How's The (All) Weather Portfolio?


For some context, the Invesco QQQ Trust (QQQ) was down 9.6% in the period charted. Being spared 50 basis points is certainly better than the alternative but it's not really a place to hide out from a fast or slow decline, it is an equity proxy with a high yield.

Also charted is the iShares Core S&P Total Market ETF (ITOT) which is a fine proxy for broad, domestic equity market exposure, and the AGFiQ U.S. Market Neutral Anti-Beta ETF (BTAL) which of course is a client holding. An at home all weather portfolio's equity allocation should IMO anchor around something like ITOT, straight, plain vanilla equity exposure. Exposures to other things like in the case of this post, QYLD and BTAL should be pretty small. If you do a little spreadsheet work, a small allocation to QYLD along with a lot of something like ITOT would increase the overall yield considerably. QYLD will of course lag at times but adding basis points in the form of yield can add meaningfully to long term returns.

As a substitute or possible as a pairing with something like ITOT, a fund that takes defensive action could also be considered. I own Pacer Trend Pilot Large Cap ETF (PTLC) for clients and there are others; WisdomTree has one or two funds that take defensive action. PTLC is likely to miss the lift off of any bear market bottom as a function of its methodology, at least that is my expectation as a holder of the fund. If it were my only equity position I might want to be prepared to switch to ITOT or the like when the market is in a state of panic, easier said than done of course. Working PTLC or something similar in to a portfolio provides an extra bit of defense beyond BTAL (discussed below) but with a better opportunity for up capture over the course of the entire cycle.

BTAL has a role in this type of portfolio in terms of weathering adverse market conditions. Unlike an inverse fund, BTAL has shown it can go up as the market is going up. For most of its existence it has gone down in value and I would expect that coming off the bottom of the next bear market (regardless of whether it has started or not) and into a new bull it will decline for a long time. It doesn't have to decline (repeated for emphasis) like an inverse fund but I would expect it to which speaks to why an all weather concept can't be set and forget.

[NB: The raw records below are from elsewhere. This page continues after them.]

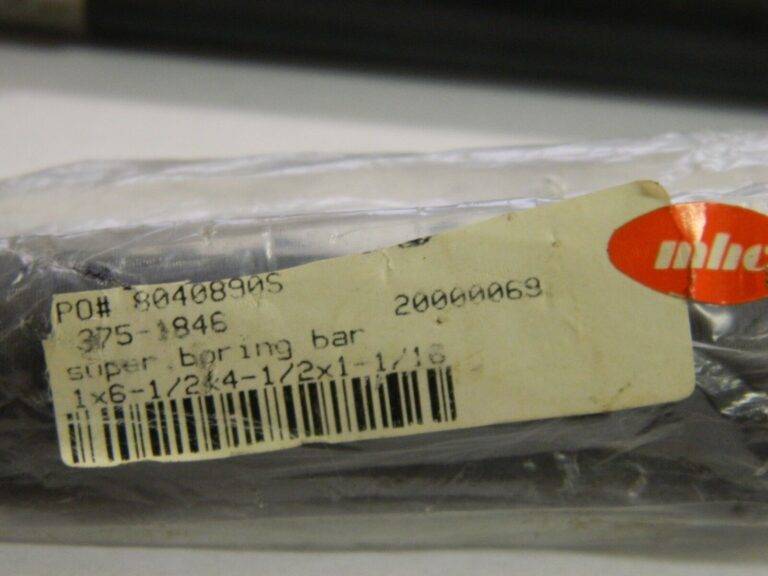 Interstate Carbide Tipped RH Boring Bar 1" x 6-1/2" x 4-1/2" x 1-1/16" #375-1846
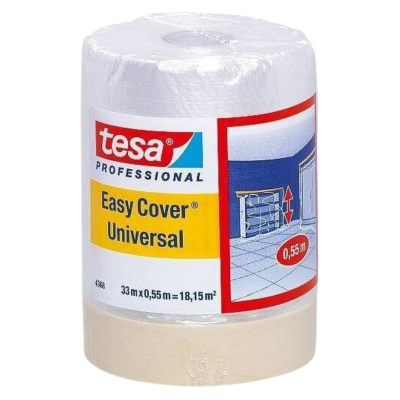 Tesa® Easy Cover Masking Film with Adhesive Tape – 550 mm x 33 m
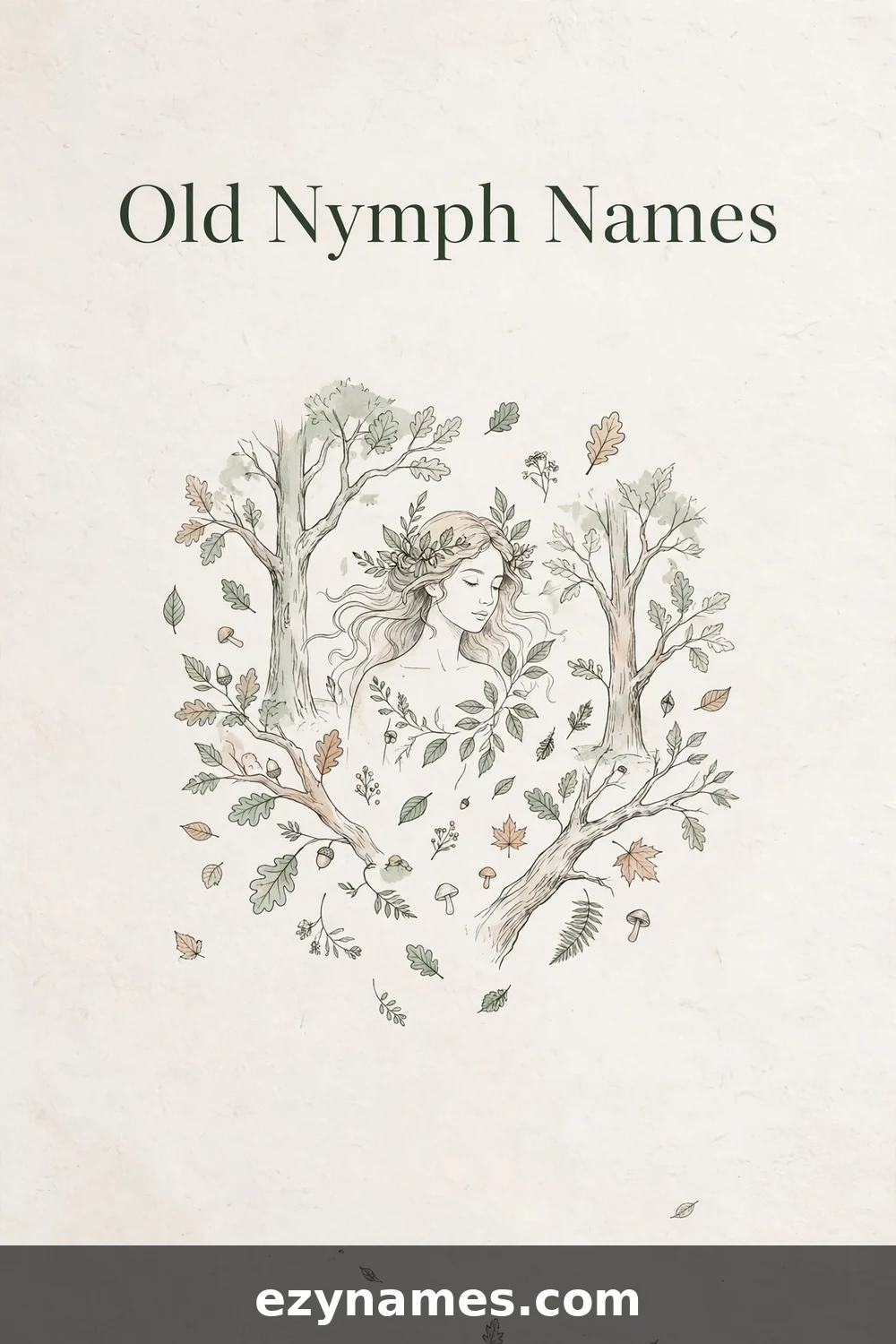 Old Nymph Names - name ideas with meanings | ezynames.com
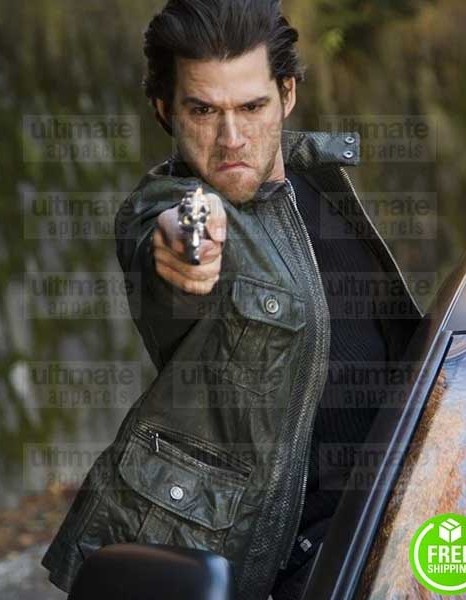 GHOST RIDER SPIRIT OF VENGEANCE JOHNNY WHITWORTH BLACK LEATHER JACKET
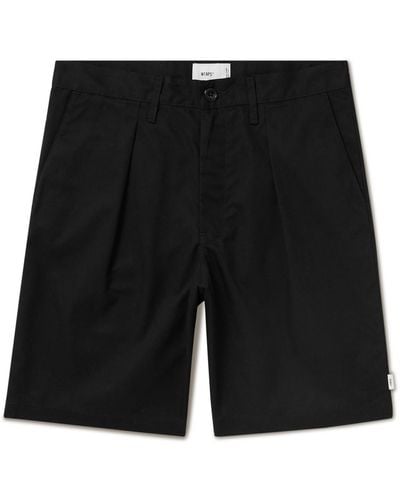 WTAPS Straight-leg Ripstop Cargo Shorts - Black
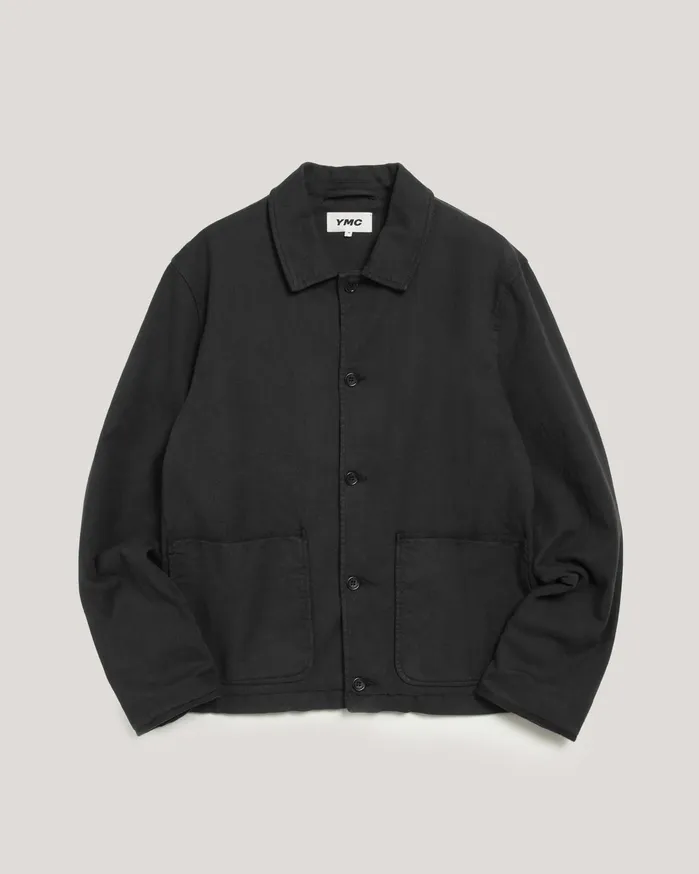 Men Groundhog Jacket Black YMC Outerwear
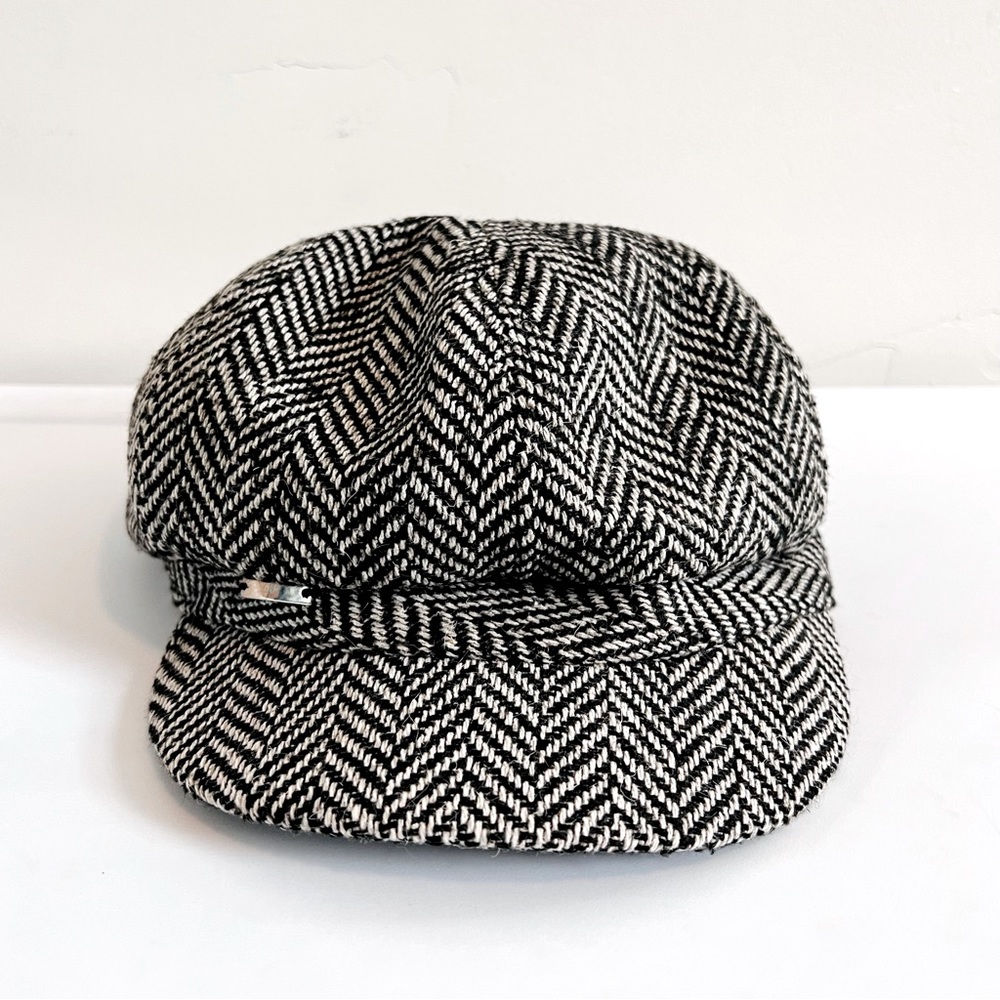 Vintage Gap Newsboy Cap in Herringbone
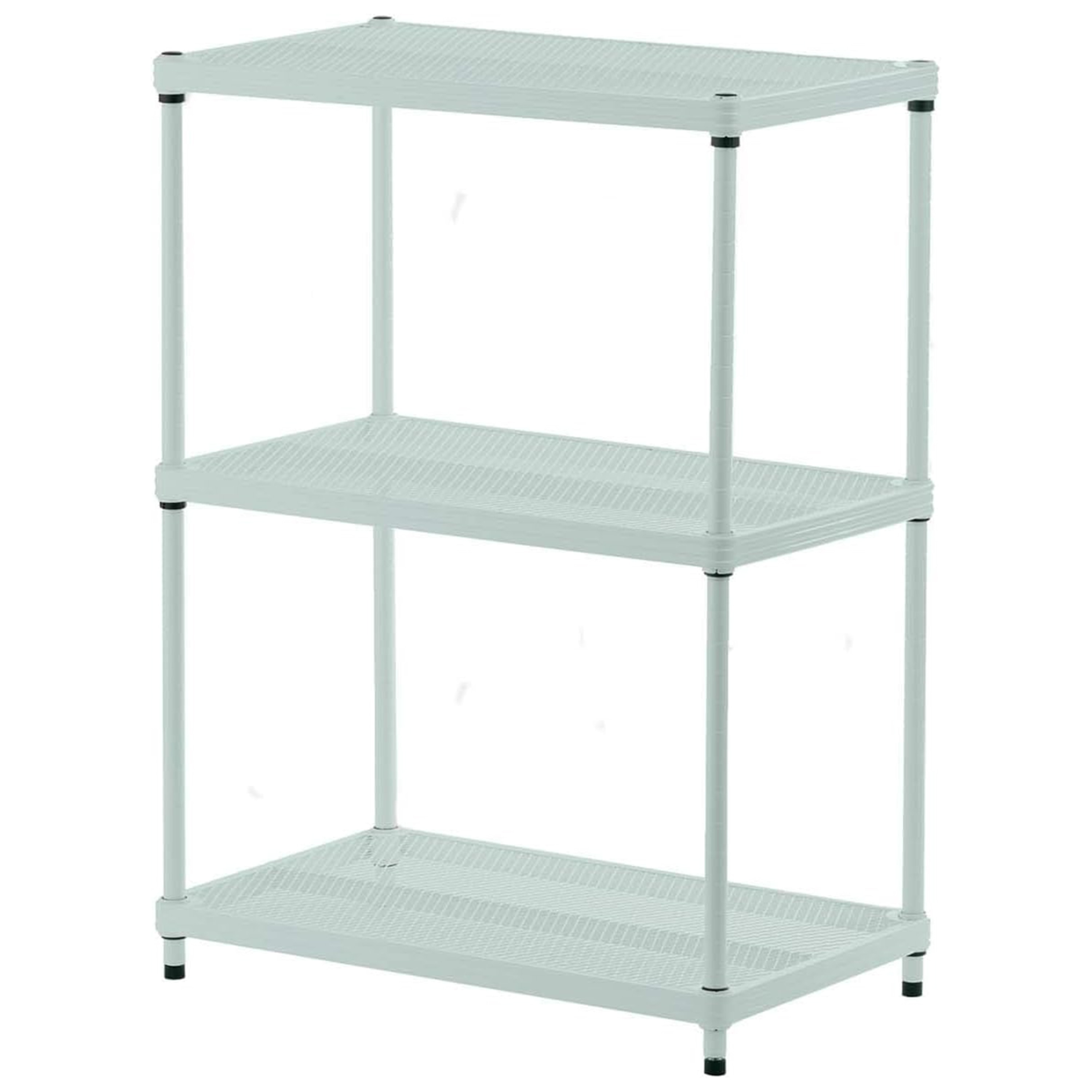 Design Ideas 325724 Stainless steel Heavy Duty 3 -Tier Utility shelving unit ( 13.8-in W x 23.6-in D x 31.5-in H ) ( Green , ( 440-lb lbs. Capacity Per Shelf )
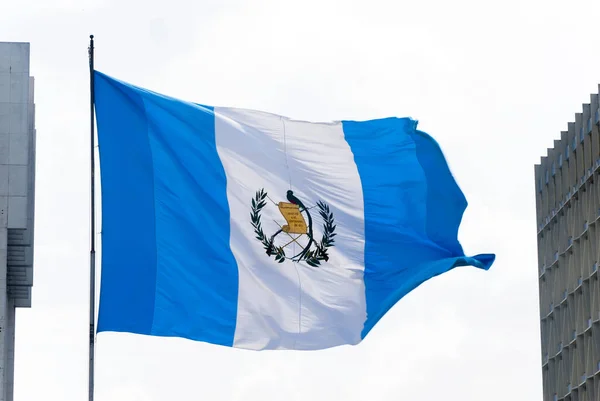 Guatemala Bayrağı Ağustos 1871 Ulusal Bir Sembol Ilan Edildi — Stok fotoğraf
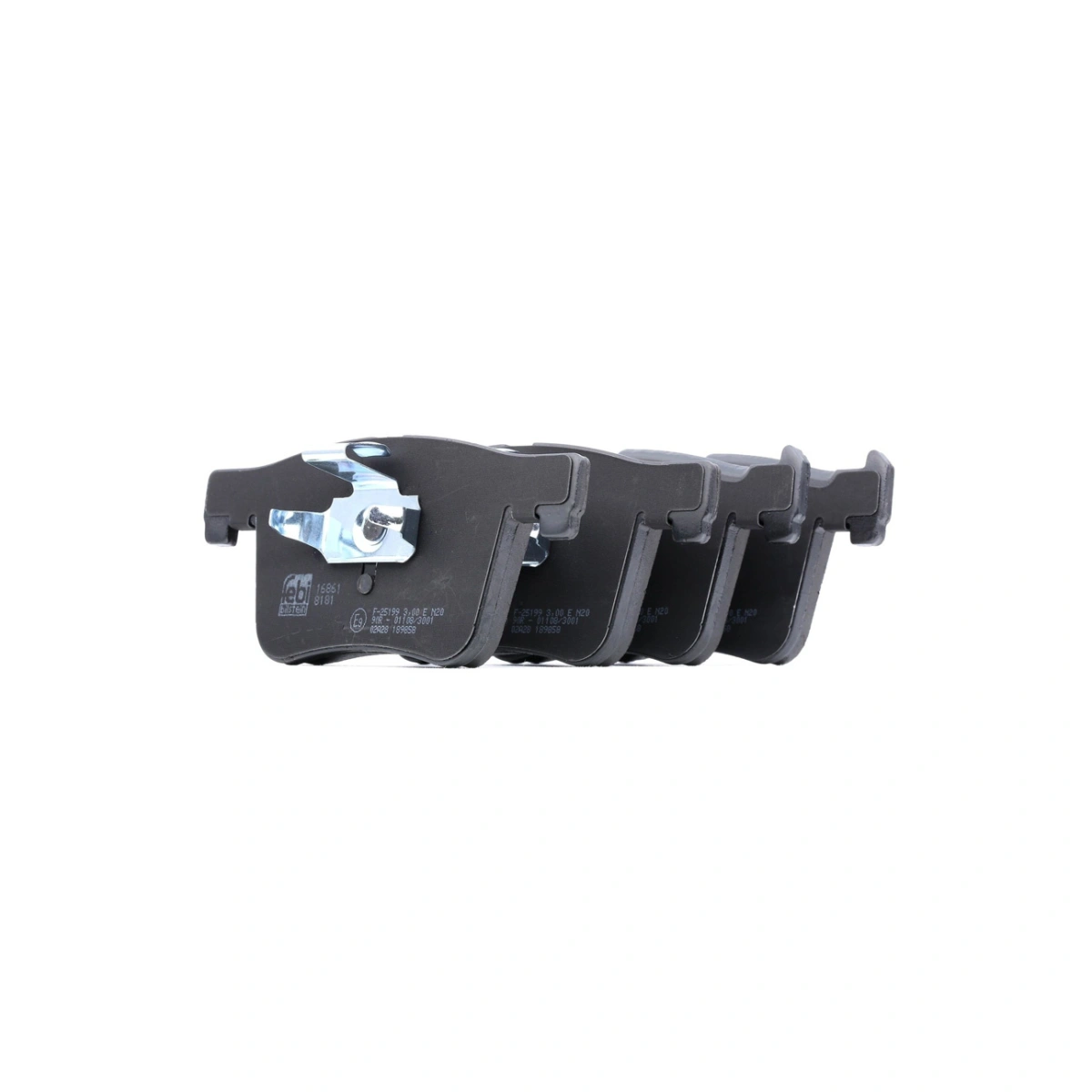 Febi Bilstein 16861 Ön Fren Balatası - BMW F30 F31 X3 F25 - 148mm - 1 Set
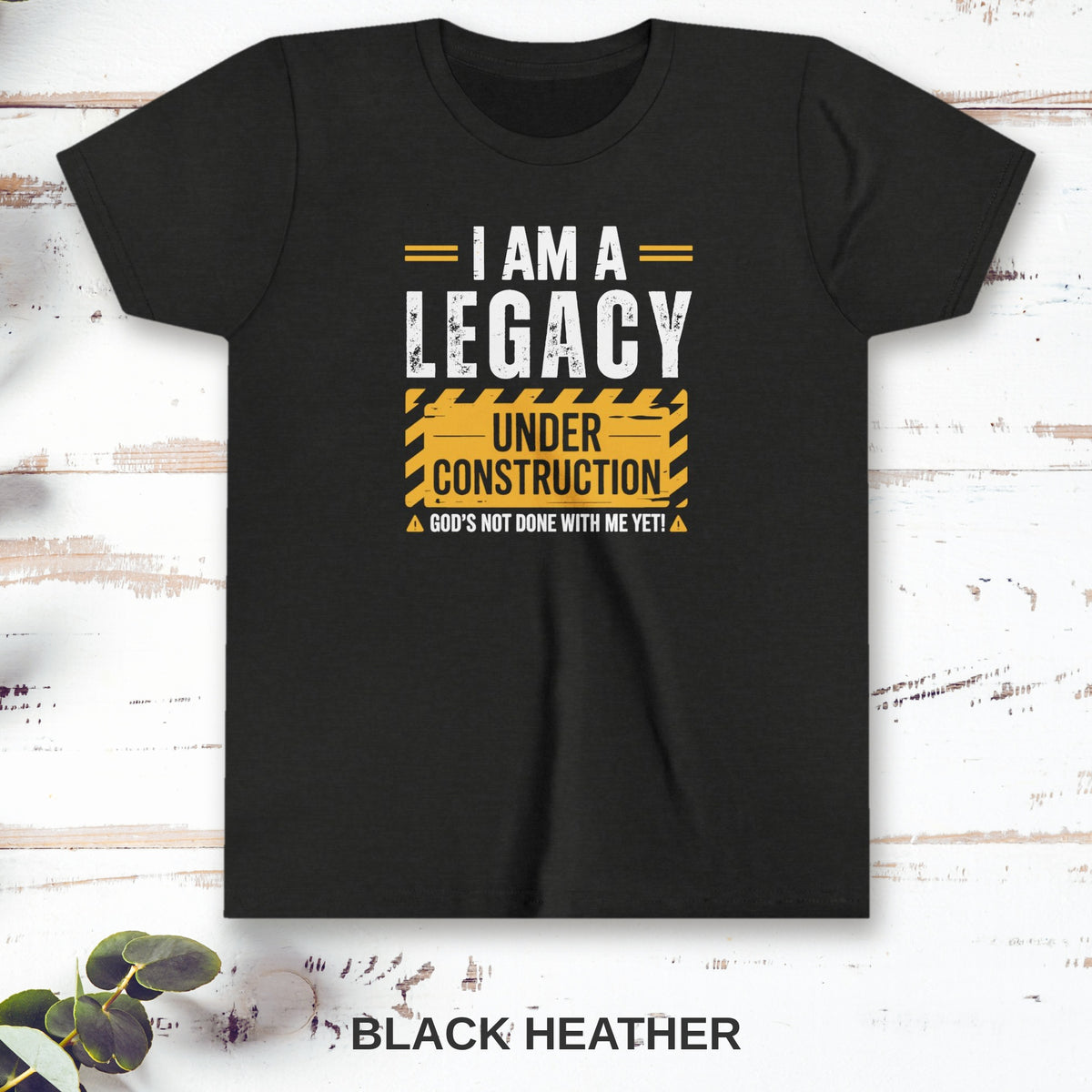 Montana Haven Youth Tee — Black Heather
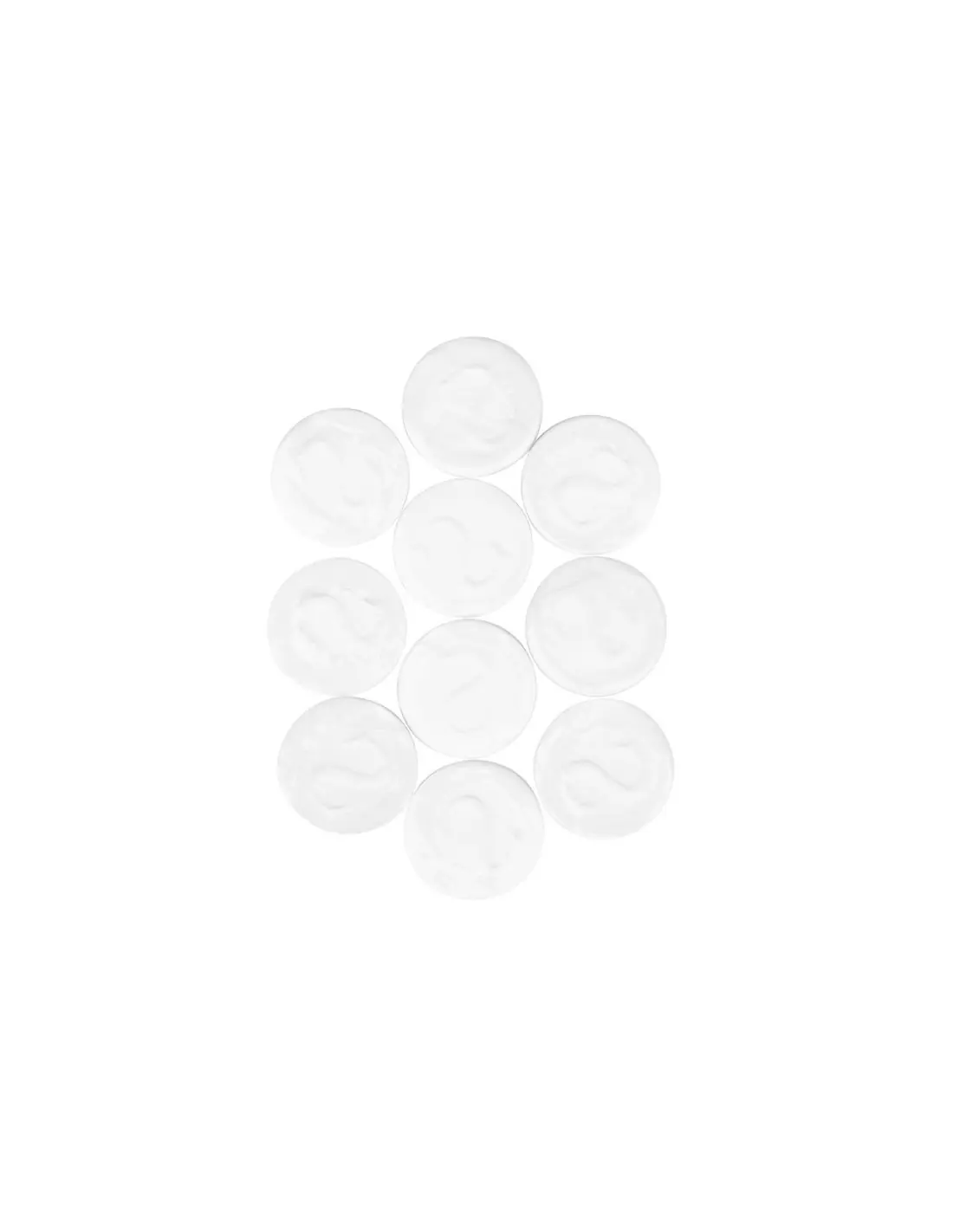 Masque jetable non tissé compressé 10 pièces 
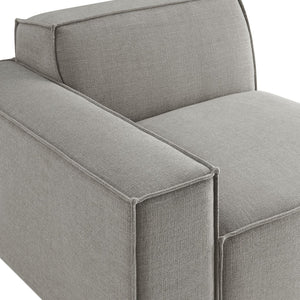 Modway Furniture Restore Modway Low Profile Modular Lounge Chair with Performance Fabric Piped Cushions Pewter EEI-7399-PEW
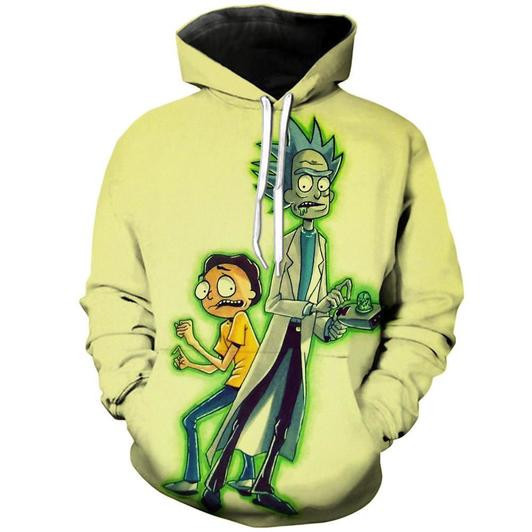 Rick And Morty 3D All Over Print Hoodie, Zip Hoodie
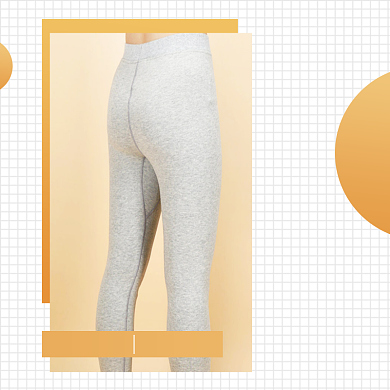 冬季保暖加厚女士打底裤简约促销主图背景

I would want to include more alternatives in such a portfolio. Some consider gold to be an alternative, and I own it for clients, and maybe it is but I would want something that could offer bond market returns without taking interest rate risk. Anyone reading my posts for a while knows I like merger arbitrage in this context. The IQ Merger Arbitrage ETF (MNA) and the ProShares Merger ETF (MRGR) are the only two ETPs in the space. I've owned the Merger Investor Fund (MERFX) for clients for many years and it seems like that fund outperforms the ETPs far more often than not. This has been a relatively good year for the fund having gained 4.51% YTD per Yahoo Finance.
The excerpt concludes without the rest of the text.